By Rebecca Gibian / September 10, 2018

How America’s Only Deaf Football Team Tackled the National Anthem Protests

Gallaudet University Bison contemplated how to make their voices heard on a controversial issue.

national anthem
Gallaudet University, a liberal arts college with an emphasis on career development for deaf and hard of hearing students. (SAUL LOEB/AFP/GettyImages)

Last September, the Gallaudet University Bison, America’s only college football team for the deaf and hard-of-hearing, began to figure out whether and how to protest police violence during the national anthem. Some players had been kneeling during the anthem—it had been a year since Colin Kaepernick sat, and then took a knee, during the anthem to protest racial injustice in the country—and one player even yelled “F–k the national anthem,” into the sky at a home game. Following this incident, head coach Chuck Goldstein wanted his players to think about the protest. He encouraged them to find a way they could send a message together, as a team.

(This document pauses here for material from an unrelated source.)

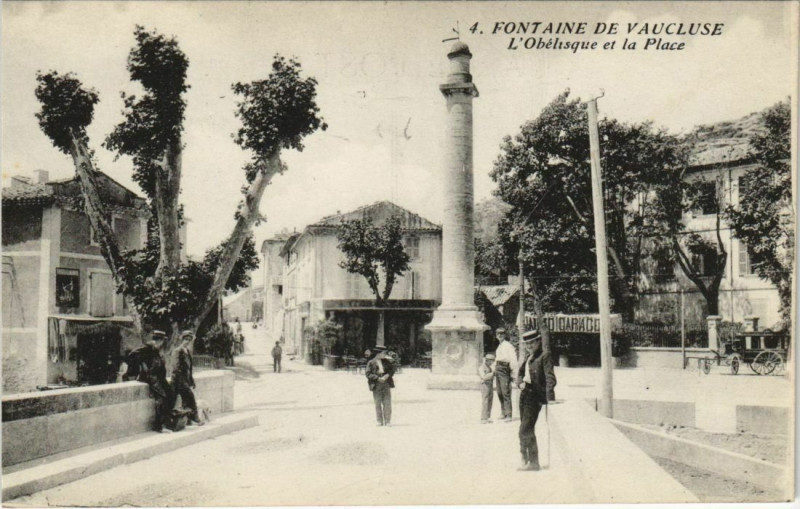 Carte postale ancienne Fontaine-De-Vaucluse L'Obelisque et la Place à Fontaine-de-Vaucluse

The New Yorker writes that Gallaudet’s team is a mixture of black, white, Latino, and Asian players from all over the country. Some players are deaf and communicate only through American Sign Language, others are hearing children of deaf adults, still others use cochlear implants, and some are hard-of-hearing but did not sign to communicate before arriving on campus.

“You can understand each person on the team, because each person is different. You’re from different places—different people have different struggles in life,” Goldstein told The New Yorker. Gallaudet is home to one of the country’s most politically conscious and active groups of students in the U.S., and its history with football and protest runs deep.